Mayoral polls kick off in Rome with rubbish, boar invasion on agenda
A man receives his ballots at a polling station, in Rome, Italy, Oct. 3, 2021. (AP Photo)


Before nationwide balloting just over a year away, millions of people in Italy started voting Sunday for new mayors, including in the iconic city of Rome where the new mayor will have to tackle the issues of poor public transport and disastrous rubbish management. Rubbish-seeking wild boars have invaded the Italian capital, dubbed as one of the dirtiest cities in the world today.

Across the country from the Eternal City to Milan, Naples and Bologna, voting kicked off for municipal elections being closely watched as a bellwether ahead of the 2023 general elections.

But in Rome – one of the world's filthiest cities, according to a ranking last month by the British magazine Time Out – residents are more concerned with the perennial transport, flooding, waste and pothole woes.

Rubbish management is so bad that wild boars are regularly seen wandering in residential areas, attracted by the pile-up of waste.

In the picturesque neighborhood of Trastevere, where bins often overflow onto the cobblestones, 60-year-old resident Tiziana De Silvestro, out walking her dog, said the root of the problem was rubbish left overnight outside bars and restaurants.

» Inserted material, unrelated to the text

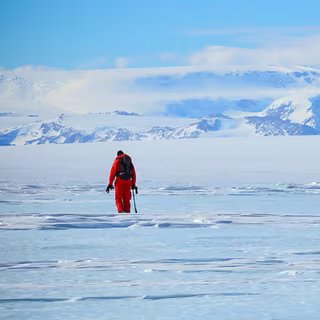 Une vue de la surface de l'inlandsis de l'Antarctique. © CNRS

"Now the city is full of animals, crows, seagulls, not to mention mice and cockroaches," she said.

'Tomorrow cholera'

Rome's current mayor, Virginia Raggi from the anti-establishment Five Star Movement (M5S), has won praise for taking on the city's fierce new mafia, the Casamonica family of loan sharks and drug traffickers.

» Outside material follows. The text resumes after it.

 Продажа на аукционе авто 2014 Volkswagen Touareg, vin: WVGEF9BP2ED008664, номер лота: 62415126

But her widely mocked plans to use sheep as lawnmowers and bees to combat pollution – while rotting refuse piles up next to playgrounds, buses spontaneously combust in the heat and weeds run wild – may cost her dearly.

The candidate of the right-wing alliance, Nicola Michetti, is likely to pocket the most votes thanks to a split on the left, according to the last polls published before a pre-election blackout.

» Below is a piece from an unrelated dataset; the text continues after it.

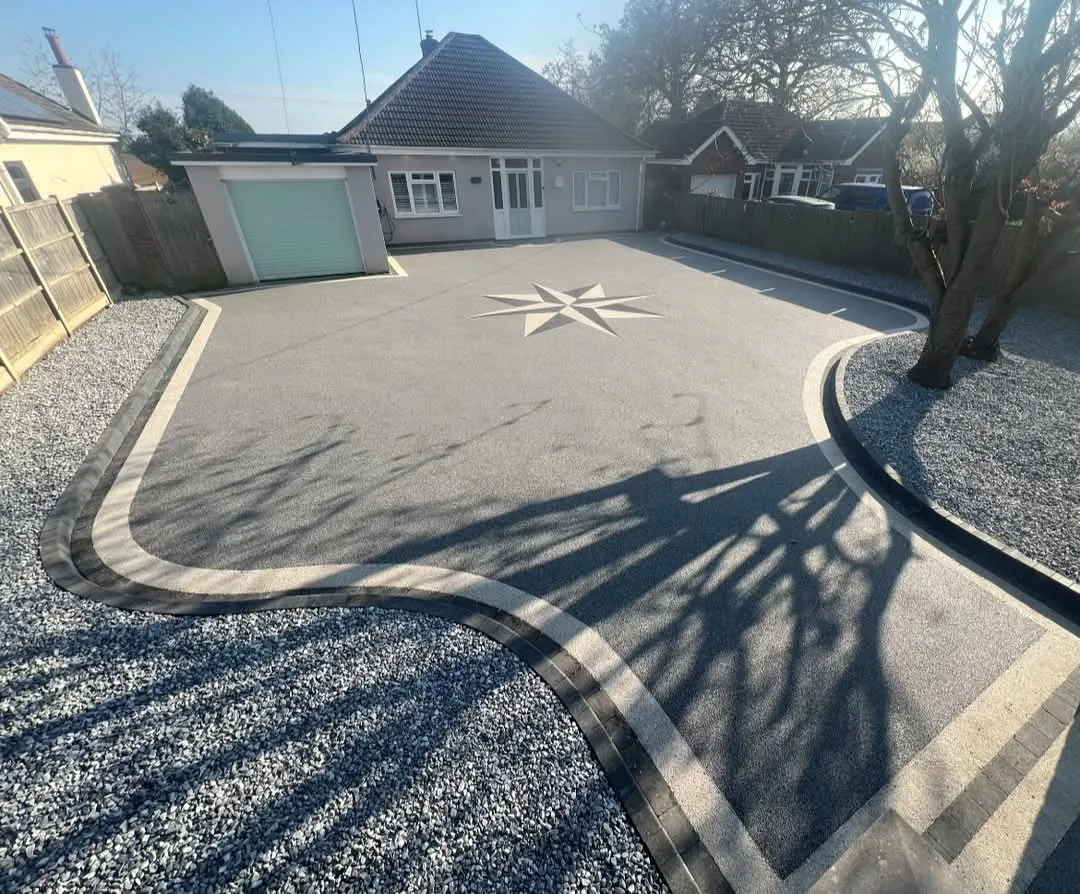 Grey resin driveway with star inlay and curved border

But he is not predicted to garner more than the 50% of votes needed to avoid a run-off in two weeks – and polls say he may then lose in round two to the Democratic Party's Roberto Gualtieri, a former economy minister.

Michetti, a 55-year-old lawyer, warns: "Today we have seagulls and boars, tomorrow it could be cholera."

His champion is the head of far-right Brothers of Italy party Giorgia Meloni, who said Rome has become an international joke.

Gualtieri and rival center-left candidate Carlo Calenda, meanwhile, have called for round tables with experts to tackle the problem of the wild boars.

Some 12 million voters are eligible to cast ballots in the elections, which are being held not only in the country's largest cities but in more than 1,000 smaller centers, including Morterone in Lombardy, which has just 33 inhabitants.

By midday on Sunday, turnout stood at 13% nationally and 11.83% in Rome.

Traditionally left-wing Bologna is considered a safe seat, while the center-left is also confident of taking Milan and Naples. The race is closer in Turin, which the center-right is eyeing hungrily.